Jump to: navigation, search

What is the Gluex singularity container?

The Gluex singularity container replicates your local working environment on the Jlab CUE, including database files, executable binaries, libraries, and system packages on the remote site where your job runs. Singularity is an implementation of the "Linux container" concept that allows a user to bundle up applications, libraries, and the entire system directory structure that describes how you work on one system, and move the entire thing as a unit to another host where it can be started up as if it were running in the original context. In some ways this is similar to virtualization (eg. VirtualBox), except that it does not suffer from the inefficiencies of virtualization. From points of view of both computation speed and memory resources, processes running inside a Singuarity container are just as efficient as if you were to rebuild and run them in the local OS environment.

How do I submit a job to run in the container?

Here is an example job submission script for the OSG that uses the GlueX Singularity container maintained by Mark Ito on OSG network storage resources. These OSG storage resources are visible on Jlab machine scosg16.jlab.org at mount point /cvmfs. You can see the path under /cvmfs to the GlueX singularity container on the line SingularityImage in the submit script below. You should change the name of the osg proxy certificate in the line x509userproxy to point to your own proxy certificate, and make sure it has several hours left on it before you submit your jobs using condor_submit on scosg16. The local directory osg.d (or something you name yourself) should be created in your work directory, preferably under /osgpool/halld/userid, to receive the stdout and stderr logs from your jobs.

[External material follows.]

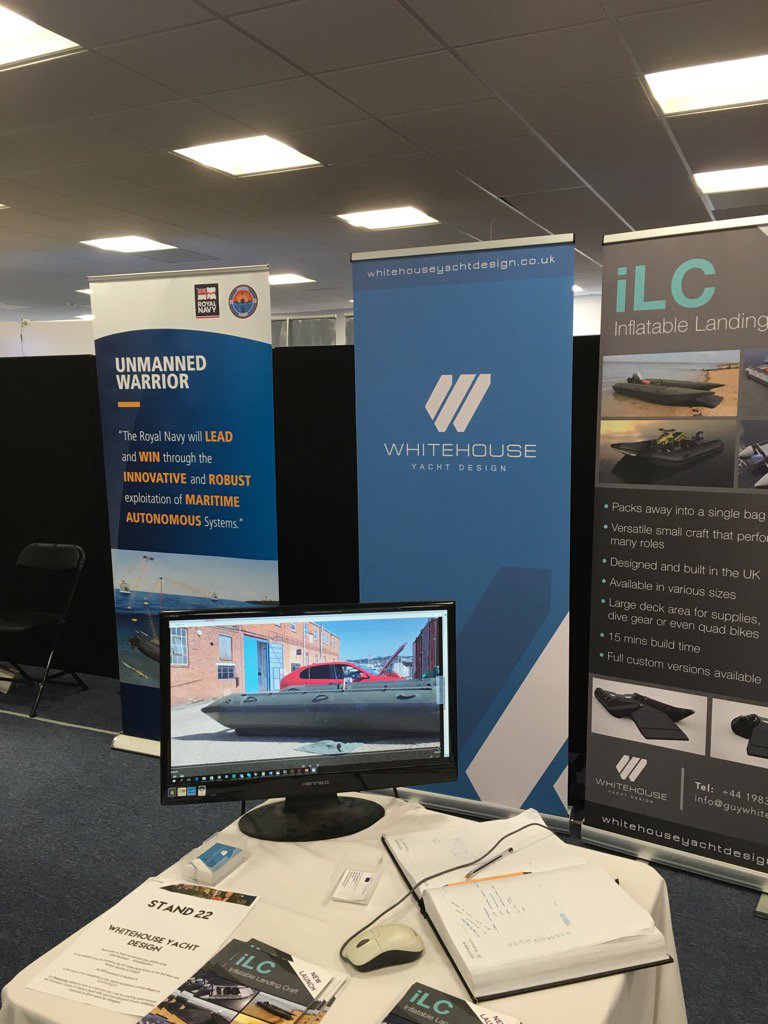 GuyWhitehouse's tweet photo. A good show @NucleusExpo lots of interest in our work including the ILC (inflatable landing craft) https://t.co/iGiWMGaelq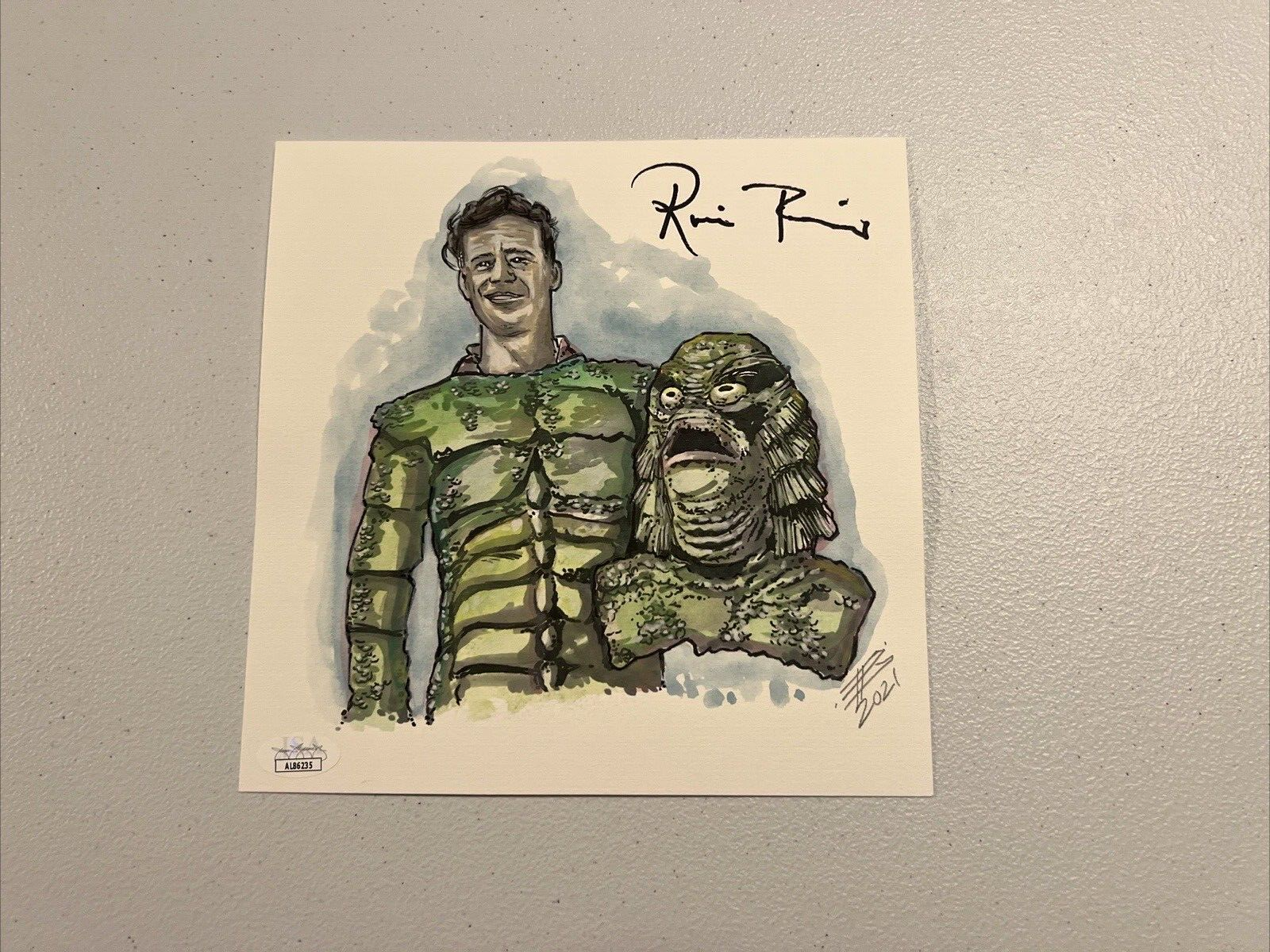 Ricou Browning "Gill Man" Autographed Signed 2021 8x8 Artwork JSA COA #AL86235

scosg16.jlab.org> cat my_osg_job.sub
executable = osg-container.sh
output = osg.d/stdout.$(PROCESS)
error = osg.d/stderr.$(PROCESS)
log = tpolsim_osg.log
notification = never
universe = vanilla
arguments = bash tpolsim_osg.bash $(PROCESS) 100000
should_transfer_files = yes
x509userproxy = /tmp/x509up_u7896
transfer_input_files = tpolsim_osg.bash,setup_osg.sh,control.in0,control.in1,pos
tconv.py,postsim.py
WhenToTransferOutput = ON_EXIT
on_exit_remove = (ExitBySignal == False) && (ExitCode == 0)
on_exit_remove = true
RequestCPUs = 1
Requirements = HAS_SINGULARITY == True
+SingularityImage = "/cvmfs/singularity.opensciencegrid.org/markito3/gluex_docker_devel:latest"
+SingularityBindCVMFS = True
queue 10

The script osg-container.sh starts up the container and makes sure that it has all of the environment settings configured for the /group/halld work environment. Fetch a copy of this script from the git repository https://github.com/rjones30/gluex-osg-jobscripts.git and customize it for your own work. This script is nice because you can run it on scosg16 from your regular login shell and it will give you the same environment as would exist when your job starts on a remote osg site. For example, "./osg-container.sh bash" starts up a bash shell inside the container, where you can execute local GlueX commands as if you were on the ifarm -- apart from access to the central data areas and /cache of course.